The topic of the value of background music has been addressed by me in this forum before and I witnessed a prime example of its power at a recent wedding. There was an outdoor wedding ceremony on the second Saturday in January and that should not sound abnormal for people from Arizona but we experienced record-breaking cold temperatures that week. Nights were in the 20s and days were barely reaching into the 50s. Trees froze, pipes burst, one car skidded through a patch of ice on the street near a prominent auto dealership in downtown Phoenix and totalled a Camaro and a Corvette on the lot. They don't really sell "Winter" coats in Arizona. The cold wasn't much by Toronto or Minneapolis standards, but it's something we are not acclimated to or prepared for around here. One young bridesmaid stood at attention and was shivering so severely in her tiny spring dress that I though she might collapse- at least the goose pimples on her arms and legs might have poked somebody's eye out. I hope it didn't ruin any pictures, but I gave her my jacket for the 15 minutes of the ceremony because I was standing nearby on sound duty. I walked up behind her and took it back just as the minister was introducing the new Mr. and Mrs. I was cold too, but at least I had long sleeves and long pants... I was glad to get the jacket back too.
I'm telling this story because of an interesting observation. Normally, this golf club would have the ceremony on the lawn, as this one was, and then retire to the patio for cocktails while the family portraits were taken and then the guests are invited inside for dinner and dancing later. Because of the biting cold, the guests were invited inside right away to have cocktails and hors d'oeuvres. I have a small sound system for ceremonies that can be moved to a patio or foyer in the time it takes for guests to make the short walk but since I was switching to my big sound system already inside, I just wanted to put away a couple of microphone stands to have them out of the way of the professional photography. In the 3 or 4 minutes it took me to get inside to start some music on my big system, the entire crowd had made it inside. I came in shortly behind them with a microphone stand in one hand and a couple of cables in my other hand and noticed that they were all whispering like they were in a church. I chided them about it and then loudly and laughingly said, "Let me get some music on quickly so you guys will feel comfortable talking." They laughed tepidly with me but remained silent until I got behind my workstation and cued a song. It didn't take but 15 seconds for them to begin talking with their normal voices. It wasn't even one minute before there was laughter and people gesturing largely with their hands and touching peoples arms or shoulders as they talked. Nobody ever wants their voice to rise above the din. The music masks each voice and people feel comfortable talking.

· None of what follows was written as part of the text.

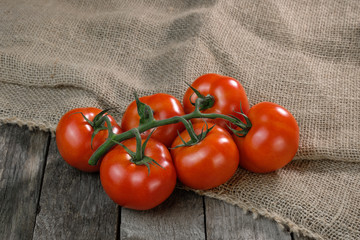 Saftige Rispentomaten / Rote Tomaten (lat.: Solanum lycopersicum)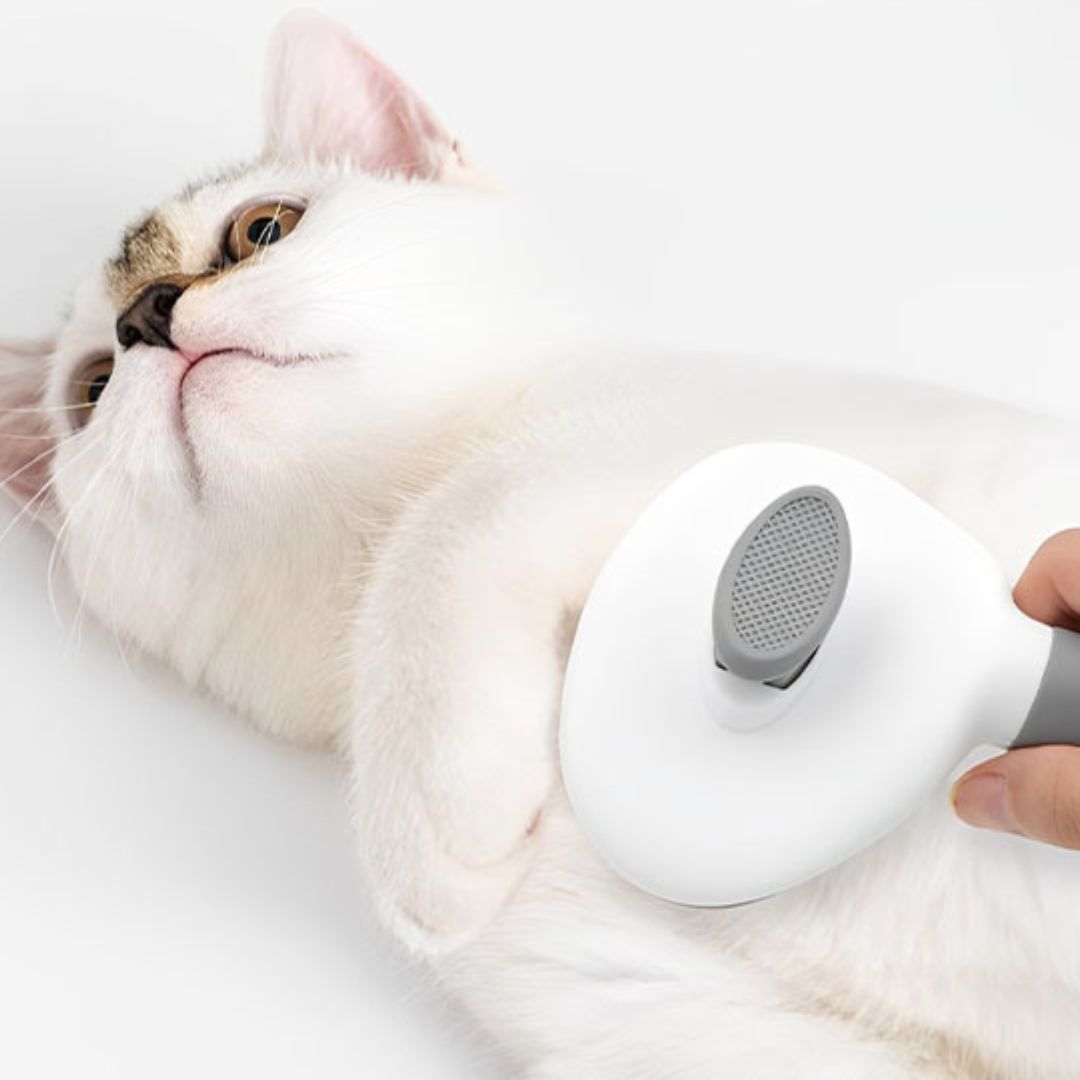 brosse-pour-chat-ventre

Please forgive a bit of an off-colored story here- not profane but PG-13 perhaps. When I was married many, many years ago. We were at a family celebration dinner at a favorite Riverside California Chinese restaurant after a graduation or birthday or something. There was lots of shouting and laughter and good times. We weren't the only ones, it was the attitude of the restaurant and its other patrons as well. The restaurant served a drink called a Double Scorpion that is served in a giant half shell and made to be shared with two long straws. My sister-in-law was sharing that with a man she was dating at the time and the bartender hadn't really worked it over with the blender as he or she should have and there were chunks of ice that jammed up the straw. My sister-in-law drew attention to that fact very loudly at a moment when the noise level in the restaurant happened to drop off. She shouted, "I keep sucking on it, but it won't come!" That further silenced the crowd and then it turned to uncomfortable laughter and then genuine laughter- at least at our table. An outburst like that in many other social settings would have been terribly embarrassing for all involved but proper background music would have saved the day.

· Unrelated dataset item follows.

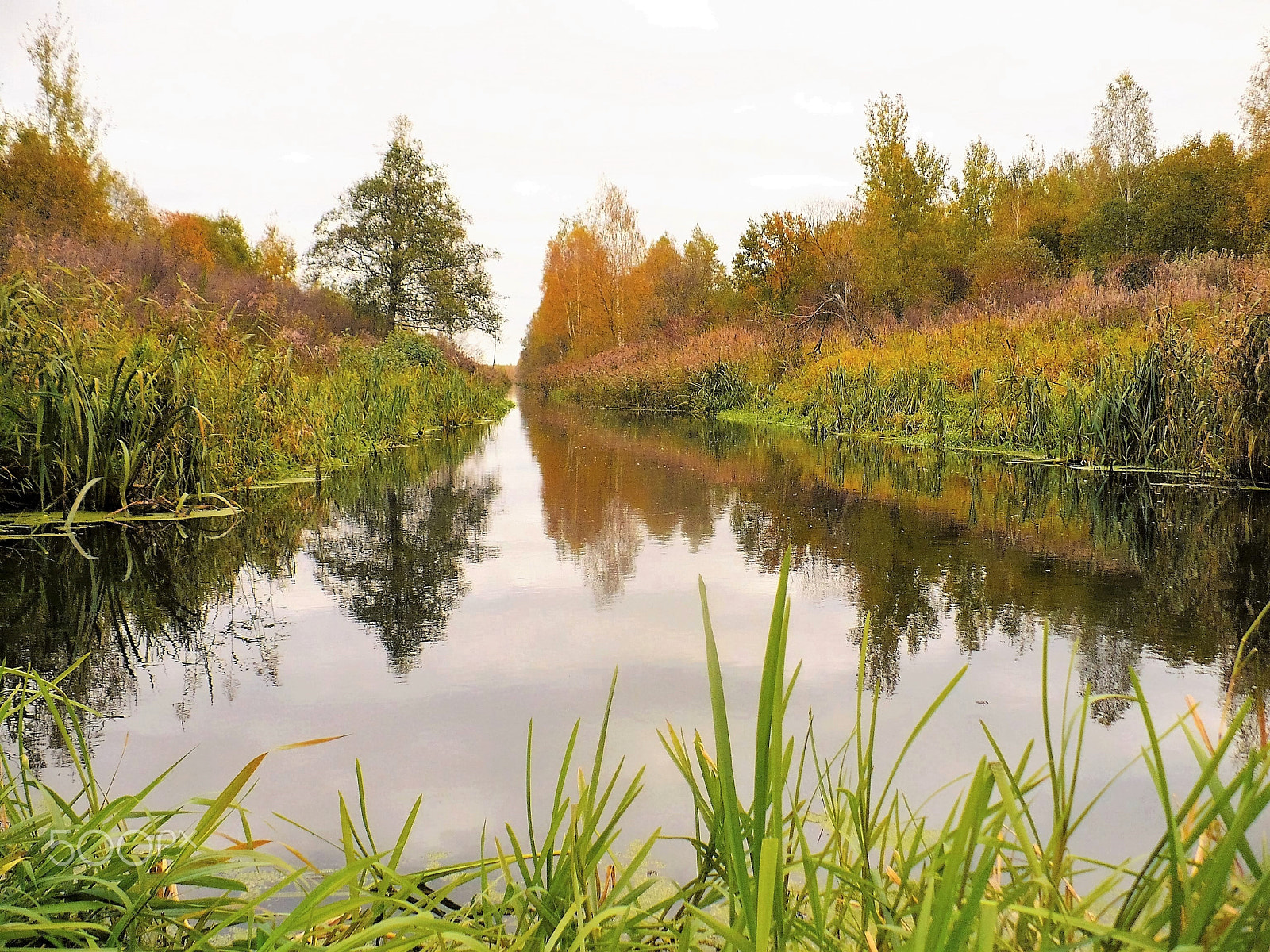 Panasonic DMC-LZ7 sample photo. Autumn. Осень. photography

I'm not much for New Year's resolutions but it's kind of a natural time to consider your lives when the people of the world mark the passing of years together. Does what I do really matter? Am I contributing something to society? Am I just paying the bills? Am I doing this because it's the only thing I know?
I'm so grateful that I'm in a position to say no to customers once in a while- to turn away a difficult customer or someone that is otherwise willing to open their wallet to me but who I don't wish to work for. I have confidence that I will be working on any given weekend somewhere- but maybe not for THIS customer. Even if I do miss a weekend, it's not a financial crisis. I can usually weed out the "bridezillas" in the consultation process. I don't get them often because I think I've surrounded myself with conscientious event planners and venue operators that refer me and for whom such people don't become their customers either. Every once in a while, a bridezilla gets past me but not often. (I say bridezillas, but there are other types of difficult customers in corporate events and any other social occasion and these same thoughts apply.) When one slips through, and this sounds cocky I suppose, but I command enough respect that they don't act up or press any buttons when I'm working.
Generally, I live life on the importance theory. If the wedding or other event is not important enough to them- such that they will not act poorly during it- it can't be MORE important to me. That philosophy is tempered however by the fact that my next couple of customers are in that room and I have to act well from a marketing standpoint, contractual standpoint, from an ethical and moral standpoint and, well, that's what decent people do, they act well in spite of other people not acting well.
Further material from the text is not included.